Yes, maybe in Rails or maybe the way Rails is being invoked by Falcon.
You could probably add some error-handling code to say which thread is holding it and which is trying to release it (might take some extra book-keeping) - I'd try that.
Yes, that's the plan. I don't have a full repro, but I might try hacking something together.
Okay, I reviewed all the code and was able to make what appears to be a repro:
#!/usr/bin/env ruby
require 'concurrent'
require 'async'
lock = Concurrent::ReentrantReadWriteLock.new
Q = 0.01
watcher = Thread.new do
loop do
lock.with_write_lock do
sleep Q
end
sleep Q
end
end
Async do |task|
2.times do |i|
task.async do
loop do
lock.with_read_lock do
sleep Q
end
sleep Q
end
end
end
end
Results in:
0>1>0-1- 0.0s warn: Async::Task [oid=0xa0] [ec=0xb4] [pid=857111] [2022-10-18 13:43:20 +1300]
| Task may have ended with unhandled exception.
| Concurrent::IllegalOperationError: Cannot release a read lock which is not held
| → /home/samuel/.gem/ruby/3.1.2/gems/concurrent-ruby-1.1.10/lib/concurrent-ruby/concurrent/atomic/reentrant_read_write_lock.rb:244 in `release_read_lock'
| /home/samuel/.gem/ruby/3.1.2/gems/concurrent-ruby-1.1.10/lib/concurrent-ruby/concurrent/atomic/reentrant_read_write_lock.rb:130 in `with_read_lock'
| bug.rb:23 in `block (4 levels) in <main>'
| bug.rb:21 in `loop'
| bug.rb:21 in `block (3 levels) in <main>'
| /home/samuel/.gem/ruby/3.1.2/gems/async-2.2.1/lib/async/task.rb:107 in `block in run'
| /home/samuel/.gem/ruby/3.1.2/gems/async-2.2.1/lib/async/task.rb:243 in `block in schedule'
After that the lock is totally jammed up.
Okay, I think I have an idea of the problem.
The thread local variable is per-thread, while the synchronisation is per fiber. I think this must be leading to some kind of invalid state.

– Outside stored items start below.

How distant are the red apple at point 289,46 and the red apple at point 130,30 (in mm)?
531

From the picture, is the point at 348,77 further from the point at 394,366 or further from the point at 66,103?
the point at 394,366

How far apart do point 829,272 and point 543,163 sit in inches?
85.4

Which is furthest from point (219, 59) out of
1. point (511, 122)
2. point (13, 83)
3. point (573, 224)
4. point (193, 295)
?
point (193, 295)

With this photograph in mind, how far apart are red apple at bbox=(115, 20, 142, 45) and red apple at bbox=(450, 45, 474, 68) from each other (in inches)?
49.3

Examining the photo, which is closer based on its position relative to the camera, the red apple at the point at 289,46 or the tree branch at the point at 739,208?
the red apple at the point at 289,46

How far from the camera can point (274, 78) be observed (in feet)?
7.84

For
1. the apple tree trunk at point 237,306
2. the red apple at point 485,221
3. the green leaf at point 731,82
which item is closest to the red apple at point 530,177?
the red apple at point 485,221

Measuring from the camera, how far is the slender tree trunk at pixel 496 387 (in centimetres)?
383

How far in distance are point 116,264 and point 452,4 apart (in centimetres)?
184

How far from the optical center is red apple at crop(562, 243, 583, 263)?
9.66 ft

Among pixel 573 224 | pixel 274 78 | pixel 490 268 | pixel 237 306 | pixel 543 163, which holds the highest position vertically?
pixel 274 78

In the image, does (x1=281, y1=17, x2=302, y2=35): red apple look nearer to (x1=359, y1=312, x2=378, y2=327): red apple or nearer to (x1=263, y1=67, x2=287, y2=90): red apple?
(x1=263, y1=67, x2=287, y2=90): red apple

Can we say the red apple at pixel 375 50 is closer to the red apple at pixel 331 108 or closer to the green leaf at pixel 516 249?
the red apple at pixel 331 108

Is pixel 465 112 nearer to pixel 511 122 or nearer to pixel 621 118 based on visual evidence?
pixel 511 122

Okay, that appears to be the problem. The fix in this case is to use fiber local variables:
require 'thread'
require 'concurrent/atomic/abstract_thread_local_var'
module Concurrent
# @!visibility private
# @!macro internal_implementation_note
class RubyThreadLocalVar < AbstractThreadLocalVar
def initialize(...)
super
@key = :"concurrent-ruby-#{object_id}"
end
def value
Thread.current[@key] || default
end
def value=(value)
Thread.current[@key] = value
end
def allocate_storage
# No-op.
end
end
end
I just monkey patched this into my local gem and it fixed the issue.

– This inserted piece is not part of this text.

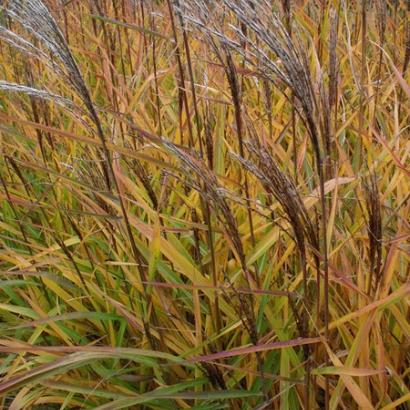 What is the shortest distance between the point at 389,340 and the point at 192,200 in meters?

The current implementation of thread locals looks a bit... over engineered? Maybe it was that way for backwards compatibility?
In any case, the locking is per fiber, and the state used for tracking that locking is per-thread, so any time you mix the two, it's bound to eventually end in disaster. The solution is to use per-fiber state for the lock implementation.
@chrisseaton any thoughts on the next steps?
I'm a bit worried about how deep this goes.
Yes likely complexity is about backwards-compatibility. I'd like to add a simple core set of primitives to MRI for the long-term but that's another discussion...
the locking is per fiber, and the state used for tracking that locking is per-thread
That's probably the central thing to think about. I'd like to be able to write a spec that we want to meet. Would you be able to help me with that? Even just the plain-English description of the behaviour you want.
Even just the plain-English description of the behaviour you want.
(It's not what I want, it's what's defined by CRuby).
Mutex locking is per-fiber.
Therefore, if you are storing state "per lock" you need to store it per fiber.
That's what the above monkey patch does.
@eregon can I please pull your expertise into this discussion.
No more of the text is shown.